Report Shows a Shift Away From Public Funding.
Tuitions are up but educational dollars are moving away from the classroom, and students at public institutions are shouldering more of the cost of college while getting less for their money, according to a report released today.
The report, released by the Delta Project on Postsecondary Education Costs, Productivity, and Accountability, indicates students enrolled in public colleges and universities — where a majority of students matriculate — receive the fewest resources available in higher education.
The mission of the Delta Project is to help improve college affordability by controlling costs and improving productivity. During a teleconference held on Tuesday, executive director Jane Wellman said the data indicated the privatization of higher education most benefits institutions that have a research mission, rather than student-focused institutions.
“I don’t believe the states have made a conscious decision to disinvest in higher education. It’s just turning out that way because higher education gets squeezed when state funds are squeezed,” added Wellman.

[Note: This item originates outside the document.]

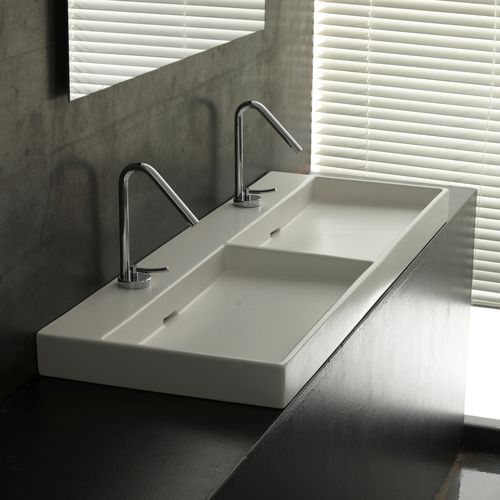Aufsatzwaschbecken - URBAN 120 - Ws Bath Collections - Keramik / doppelt / rechteckig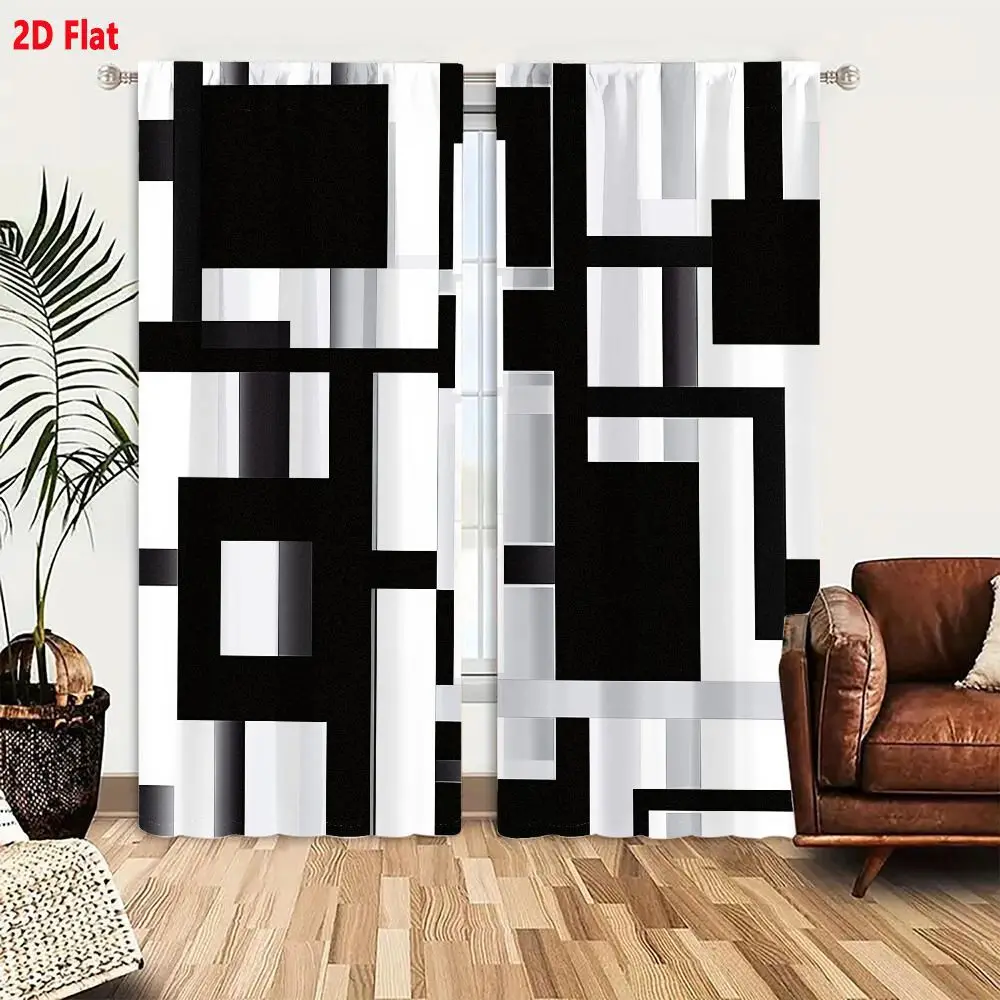 2Pcs Curtains 2D Flat Monochromatic Abstract Geometric Composition With Rectangles And Lines In Black White And Gray Window Drap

“States have to go back first to principles of how they are investing public subsidies in higher education,” Wellman said. “That might take them to shifting of resources across sectors and also some decisions about where they want to put students relative to spending in order to have the most effective use of public resources to produce public results.”
The report "Trends in College Spending: Where Does the Money Come From? Where Does the Money Go?" notes that state appropriations per student declined from 2002 to 2005. They rebounded slightly in 2006 (the last year for which data is available), but did not reach previous levels. Students are shouldering more of the total cost of their education at all institutions, except private research universities that have a number of revenue sources, such as endowments.